_Study material_
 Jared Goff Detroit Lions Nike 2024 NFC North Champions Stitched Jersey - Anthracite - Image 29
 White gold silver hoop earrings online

---

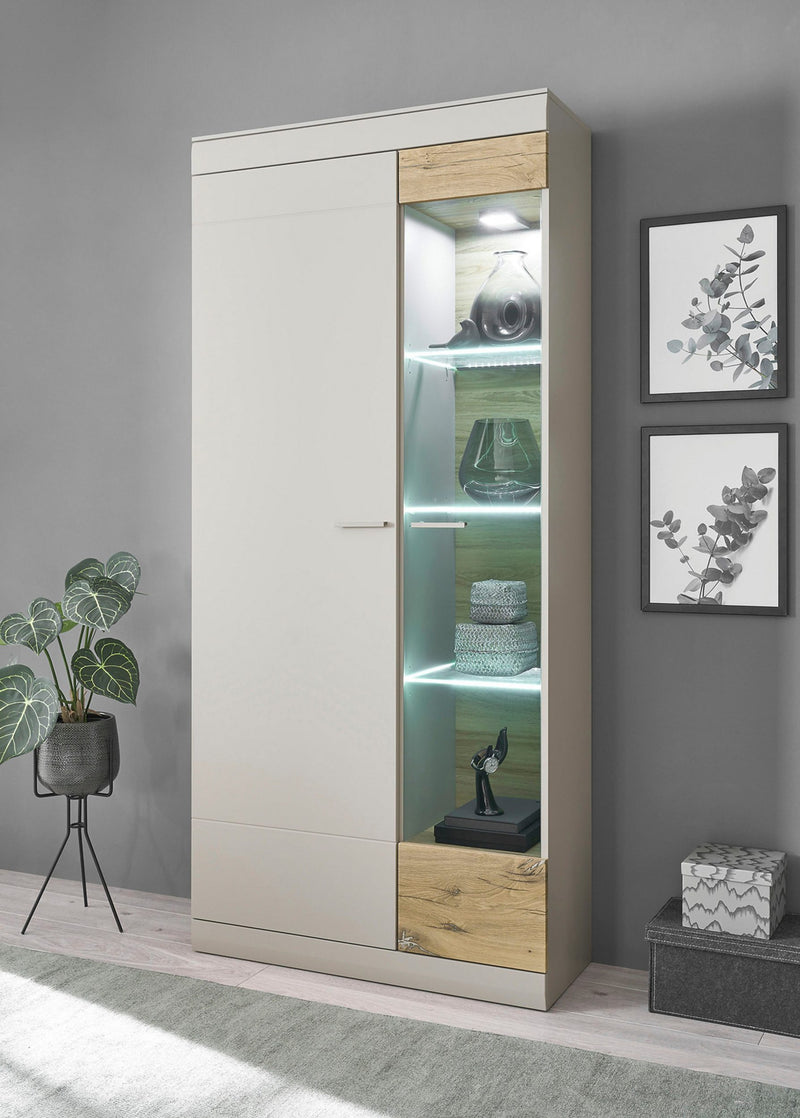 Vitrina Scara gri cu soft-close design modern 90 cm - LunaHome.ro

---

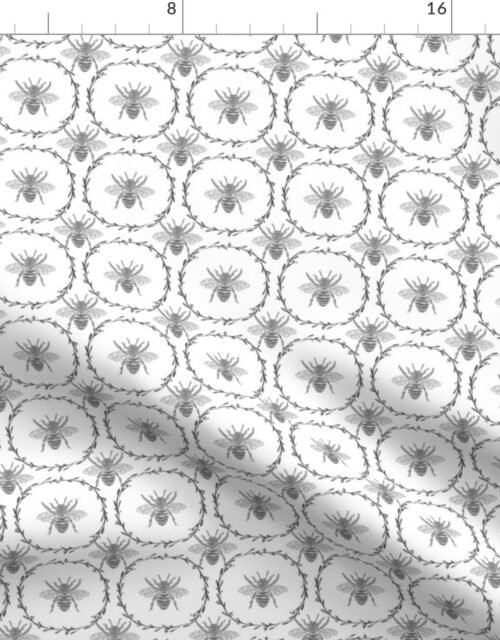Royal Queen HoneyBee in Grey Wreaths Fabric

_Task details_
Could you restate word for word the lines above from the one containing "Jared Goff Detroit" through the one containing "White gold silver hoop earrings online", both included, and nothing else?

_Answer section_
 Jared Goff Detroit Lions Nike 2024 NFC North Champions Stitched Jersey - Anthracite - Image 29
 White gold silver hoop earrings online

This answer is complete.